--- TASK STATEMENT ---
The copy must match the data word for word and contain no pictures.

--- SUPPLIED DATA ---
<<<<
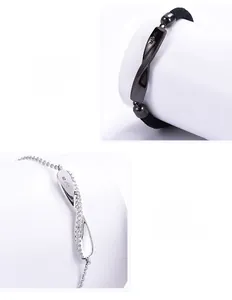 Dettagli dei bracciali per coppia Mobius in argento S925 con cordoncino intrecciato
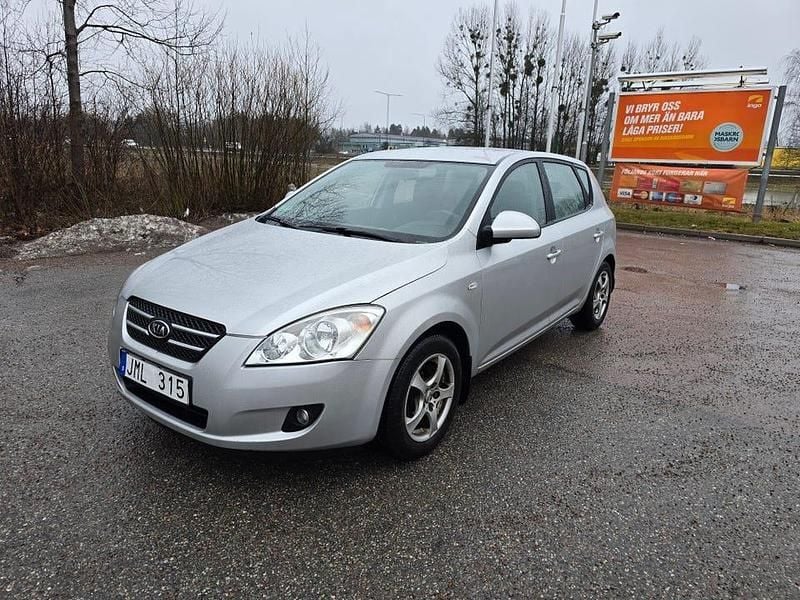 Begagnad 2009 Kia Ceed Halvkombi | 39 900 kr (Superpris) - Bild 1/4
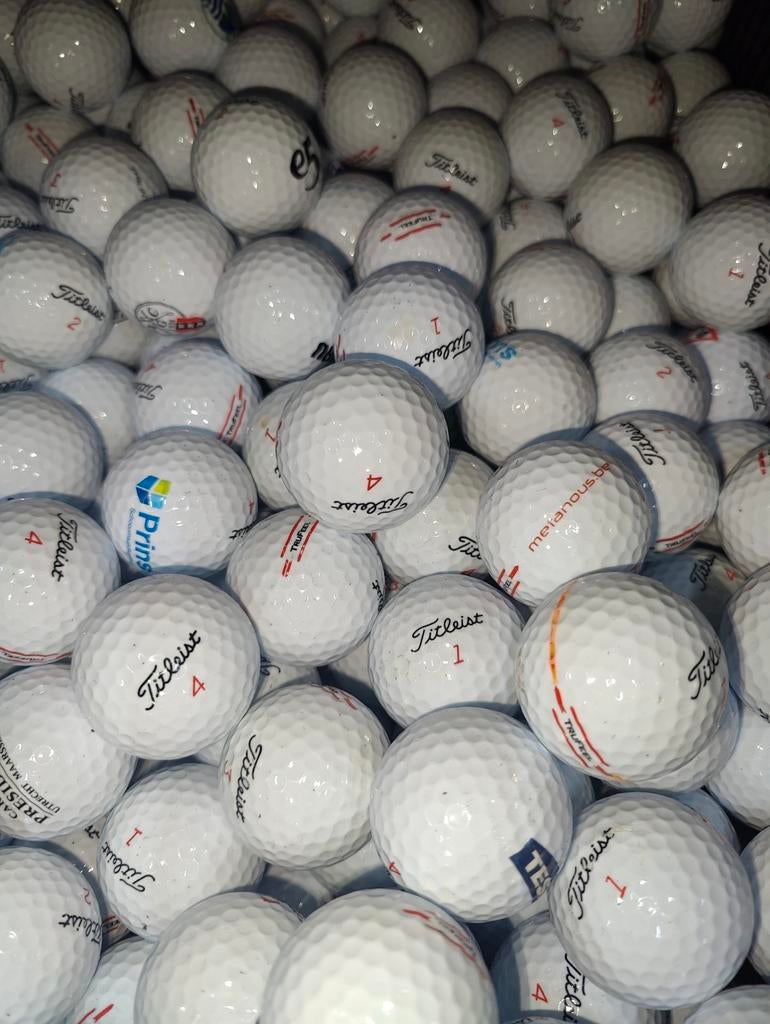 Titleist trufeel golfballen 50 AAAA kwaliteit super deal, Ophalen of Verzenden, Zo goed als nieuw, Bal(len)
>>>>
--- PROBLEM SOLUTION ---
 Dettagli dei bracciali per coppia Mobius in argento S925 con cordoncino intrecciato
 Begagnad 2009 Kia Ceed Halvkombi | 39 900 kr (Superpris) - Bild 1/4
 Titleist trufeel golfballen 50 AAAA kwaliteit super deal, Ophalen of Verzenden, Zo goed als nieuw, Bal(len)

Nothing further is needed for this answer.